I built a network using customized layers. It runs fine on a single GPU but crashes when using two GPUs of a server. The codes and error messages are shown below. It seems that one of the tensors was split into the 2 GPUs while the other was not. Was it caused by the customized forward function? How should I solve it? Thanks!
os.environ['CUDA_VISIBLE_DEVICES'] = '0,1'
def __init__(self, in_dim=Fdim, out_dim=Fdim, bias=True):
super(Cov1, self).__init__(in_dim, out_dim, bias)
simcov1 = torch.zeros(seq.shape).cuda()
for i in range(0,self.in_dim):
SeqDist = Vsets(seq[:,i].unsqueeze(1))
simcov1[:, i] = torch.mean(SeqDist * sum_idx, 1)
simcov1 = 1 - simcov1
if self.bias is not None:
mean_dist = simcov1.matmul(self.weight) + self.bias
mean_dist = simcov1.matmul(self.weight)
If you are using
DataParallel the assumption is all input tensors have the same dimension along the first (batch) dimension. Otherwise the splitting behavior becomes tricky to reason about.
What are the input shapes (and the meaning of the dimensions) being passed and is
DataParallel being used?
Thanks eqy. Yes, DataParallel is used for the model:
model = nn.DataParallel(model).cuda().
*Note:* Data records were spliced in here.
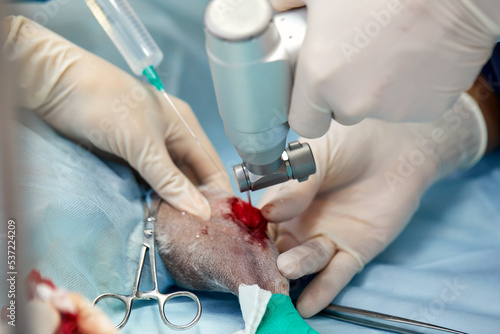 In a modern veterinary clinic  an operation is performed on an animal on the operating table in close-up. Veterinary clinic.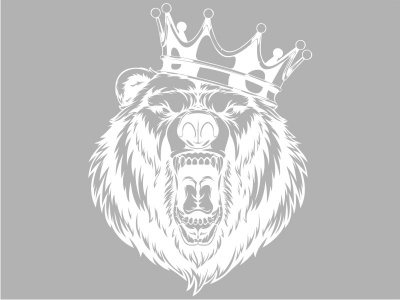 medve_fej_fehr_795529186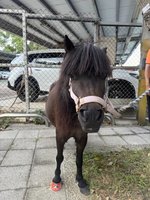 北市迷你馬3度逛大街  動保處罰飼主1.5萬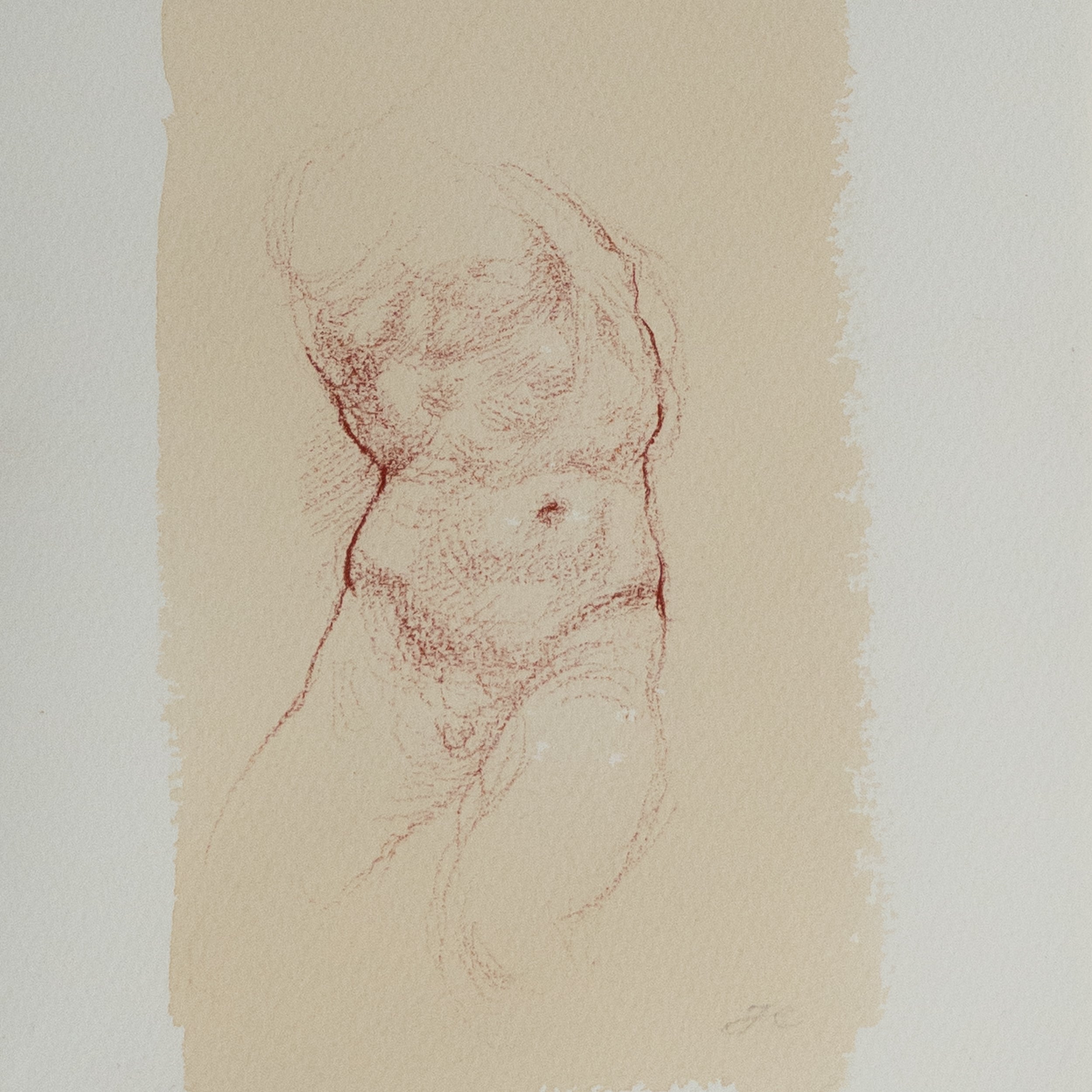 Male Torso at Victoria & Albert Museum by Jill Hooper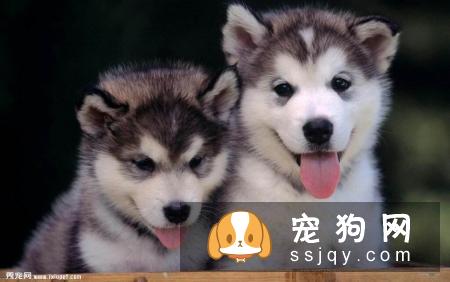 哈士奇狗狗多大可以算成犬了？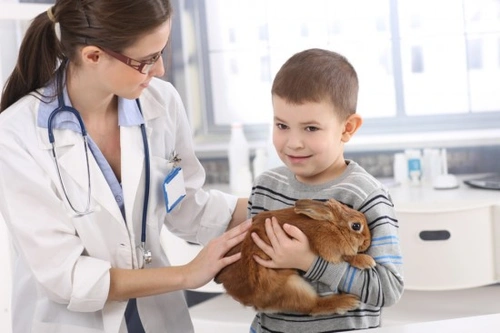 How to Get to Know Your New Rabbit: A Gentle Guide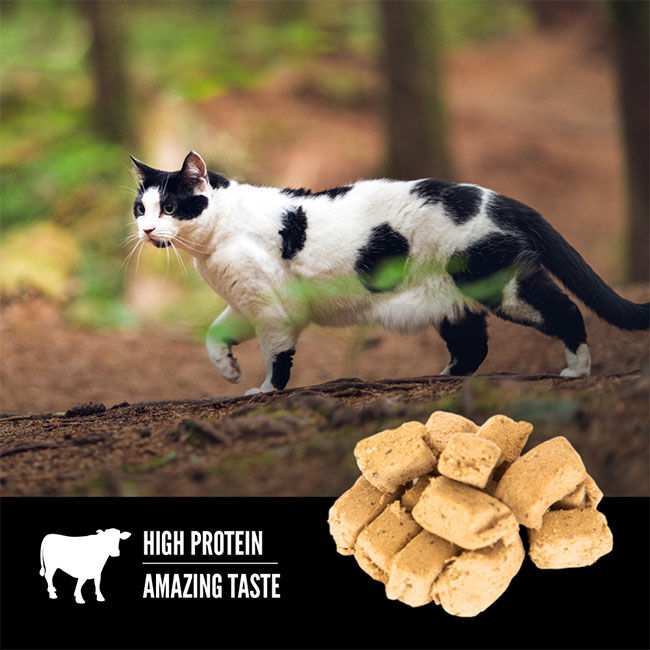 ORIJEN Freeze-Dried Cat Treats - Regional Red Recipe - 1.25 oz image number null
And the dimension of the first tensor
SeqDist is 446x446 and the second tensor
sum_idx is 446. The multiplication
SeqDist * sum_idx is to select the rows specified in
sum_idx and calculate each row’s average.
If the first dimension of the tensors changes, I don’t know how to make the multiplication work…
In this case, can you simply make this data parallel by doing something like making seqdist (N, 446, 446) and sum_idx (N, 446)?
It works~ Thanks a lot~ I revised my coding to meet the splitting mechanism.